Pour Makri, ce rapport donne aussi l’impression qu’il ne s’agit pas «d’une histoire de colonisation, la pire que l’humanité ait connue, d’un pays étranger violant un autre pays, d’une terre qui n’est pas la sienne, et d’une armée barbare qui a commis les plus terribles crimes contre le peuple algérien durant près d’un siècle et demi». La veille, c’est l’ancien ministre de la Communication et ancien diplomate, Abdelaziz Rahabi , qui avait affirmé que le rapport de Benjamin Stora n’a pas pris en compte la principale demande historique des Algériens, à savoir «la reconnaissance par la France des crimes commis par la colonisation». 
Pour Rahabi, il ne s’agit ni de repentance, notion étrangère aux relations entre Etats, ni de fonder une mémoire commune, car, a-t-il appuyé, «les deux pays étant héritiers de deux mémoires antagoniques sur cette question». Il a ajouté que chaque pays doit assumer son passé, et il appartient aux deux Etats de mettre en place les conditions d’une relation apaisée et tournée vers l’avenir. Des historiens ont également réagi à ce rapport. Hier, le chercheur en histoire, Gilles Manceron, a affirmé que la réaction officielle de la France qui refuse de présenter des excuses à l’Algérie est «inquiétante». 

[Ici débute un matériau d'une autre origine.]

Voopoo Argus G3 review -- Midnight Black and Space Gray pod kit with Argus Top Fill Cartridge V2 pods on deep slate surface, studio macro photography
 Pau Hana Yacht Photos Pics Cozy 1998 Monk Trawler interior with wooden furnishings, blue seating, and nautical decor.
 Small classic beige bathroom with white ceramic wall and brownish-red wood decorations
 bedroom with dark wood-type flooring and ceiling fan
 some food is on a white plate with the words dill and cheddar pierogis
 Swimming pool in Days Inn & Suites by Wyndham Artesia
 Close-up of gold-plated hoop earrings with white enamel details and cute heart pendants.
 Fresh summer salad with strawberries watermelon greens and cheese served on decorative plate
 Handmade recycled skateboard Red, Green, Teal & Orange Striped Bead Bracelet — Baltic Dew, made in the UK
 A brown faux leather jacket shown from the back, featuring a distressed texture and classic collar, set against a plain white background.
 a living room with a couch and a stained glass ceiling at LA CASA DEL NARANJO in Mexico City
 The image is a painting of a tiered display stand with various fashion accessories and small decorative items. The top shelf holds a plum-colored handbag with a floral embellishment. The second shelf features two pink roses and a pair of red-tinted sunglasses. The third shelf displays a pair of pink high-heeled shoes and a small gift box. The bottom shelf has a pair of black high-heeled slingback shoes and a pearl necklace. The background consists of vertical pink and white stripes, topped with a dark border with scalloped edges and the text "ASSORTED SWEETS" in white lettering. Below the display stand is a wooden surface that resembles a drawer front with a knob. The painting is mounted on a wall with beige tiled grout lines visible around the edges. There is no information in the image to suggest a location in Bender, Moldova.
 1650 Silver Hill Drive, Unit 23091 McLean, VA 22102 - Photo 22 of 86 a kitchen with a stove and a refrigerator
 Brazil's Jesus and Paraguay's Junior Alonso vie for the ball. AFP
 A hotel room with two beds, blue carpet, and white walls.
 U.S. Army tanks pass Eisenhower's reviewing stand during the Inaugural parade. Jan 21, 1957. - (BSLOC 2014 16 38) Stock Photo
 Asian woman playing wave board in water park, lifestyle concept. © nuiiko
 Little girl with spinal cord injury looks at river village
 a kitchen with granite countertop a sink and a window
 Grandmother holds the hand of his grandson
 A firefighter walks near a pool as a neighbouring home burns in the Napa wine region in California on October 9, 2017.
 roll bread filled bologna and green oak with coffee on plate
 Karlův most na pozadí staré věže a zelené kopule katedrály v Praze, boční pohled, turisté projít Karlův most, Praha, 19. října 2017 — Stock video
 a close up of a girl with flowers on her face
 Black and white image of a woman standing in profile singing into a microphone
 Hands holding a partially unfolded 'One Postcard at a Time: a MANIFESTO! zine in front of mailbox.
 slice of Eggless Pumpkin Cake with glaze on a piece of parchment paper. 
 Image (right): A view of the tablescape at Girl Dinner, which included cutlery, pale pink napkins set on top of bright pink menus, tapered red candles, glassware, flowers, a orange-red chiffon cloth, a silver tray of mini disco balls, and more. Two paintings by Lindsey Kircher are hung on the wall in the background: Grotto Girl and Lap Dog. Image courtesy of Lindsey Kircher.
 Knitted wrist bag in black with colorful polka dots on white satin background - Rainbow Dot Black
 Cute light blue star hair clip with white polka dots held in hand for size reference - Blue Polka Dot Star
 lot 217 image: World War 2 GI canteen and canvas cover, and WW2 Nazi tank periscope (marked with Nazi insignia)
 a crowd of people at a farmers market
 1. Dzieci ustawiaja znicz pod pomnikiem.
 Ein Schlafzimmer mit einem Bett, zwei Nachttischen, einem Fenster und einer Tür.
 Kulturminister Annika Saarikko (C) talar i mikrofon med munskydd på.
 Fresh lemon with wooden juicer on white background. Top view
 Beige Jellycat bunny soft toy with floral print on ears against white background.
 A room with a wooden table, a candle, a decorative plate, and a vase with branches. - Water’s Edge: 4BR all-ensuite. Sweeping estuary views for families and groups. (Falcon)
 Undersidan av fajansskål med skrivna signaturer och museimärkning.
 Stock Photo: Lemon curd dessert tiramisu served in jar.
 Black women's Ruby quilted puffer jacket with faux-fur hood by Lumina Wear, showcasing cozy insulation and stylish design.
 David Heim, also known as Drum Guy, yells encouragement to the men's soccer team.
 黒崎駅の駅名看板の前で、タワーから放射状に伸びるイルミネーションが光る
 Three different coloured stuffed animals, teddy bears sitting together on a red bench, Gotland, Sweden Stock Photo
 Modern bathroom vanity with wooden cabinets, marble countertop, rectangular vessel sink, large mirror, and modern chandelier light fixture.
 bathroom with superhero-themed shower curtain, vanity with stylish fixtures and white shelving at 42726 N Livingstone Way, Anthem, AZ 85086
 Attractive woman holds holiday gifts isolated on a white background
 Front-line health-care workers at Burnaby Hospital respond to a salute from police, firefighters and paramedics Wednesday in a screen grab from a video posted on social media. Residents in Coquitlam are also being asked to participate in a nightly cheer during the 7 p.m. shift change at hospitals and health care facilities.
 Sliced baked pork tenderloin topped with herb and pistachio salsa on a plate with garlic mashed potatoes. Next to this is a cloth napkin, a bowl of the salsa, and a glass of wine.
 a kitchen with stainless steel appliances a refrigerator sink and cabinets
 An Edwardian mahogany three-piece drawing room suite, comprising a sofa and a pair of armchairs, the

Dans un entretien accordé à l’APS, l’historien spécialiste du colonialisme français a expliqué que l’important, ce n’est pas le rapport, mais les conclusions que le Président (Macron) va en tirer. Il a rappelé que le thème du «refus de la repentance a été utilisé en France, notamment par Nicolas Sarkozy et ceux qui soutenaient sa présidence, comme un moyen de refuser la reconnaissance des crimes de la colonisation et de dire la vérité à leur sujet». «La presque-totalité des historiens, en France comme en Algérie, demandent une reconnaissance et un discours de vérité», a-t-il dit. 
«En ce qui concerne l’idée d’excuses au nom des institutions de la France pour ce qu’elles ont commis dans le passé, cela me semble différent. Il faudra, à mon avis, que la France officielle vienne à un moment à formuler des excuses, mais l’important aujourd’hui est de faire avancer dans l’opinion l’idée qu’il faut une reconnaissance et un travail de vérité», a-t-il poursuivi. 
L’historien Mohamed El Korso estime, pour sa part, que le rapport doit interpeller la classe politique française. «Avant d’être une feuille de route pour des négociations sur des sujets sensibles entre l’Algérie et la France dans la perspective d’une future réconciliation pas seulement mémorielle, mais aussi politique, stratégique, scientifique, économique, culturelle…, il interpelle d’abord l’ensemble de la classe politique française pour se réconcilier avec sa propre mémoire», a-t-il soutenu. 
Rendu public mercredi dernier, le rapport de Benjamin Stora a fait plusieurs recommandations, dont la mise en place d’une commission «Mémoire et vérité» chargée d’impulser des initiatives mémorielles communes entre les deux pays.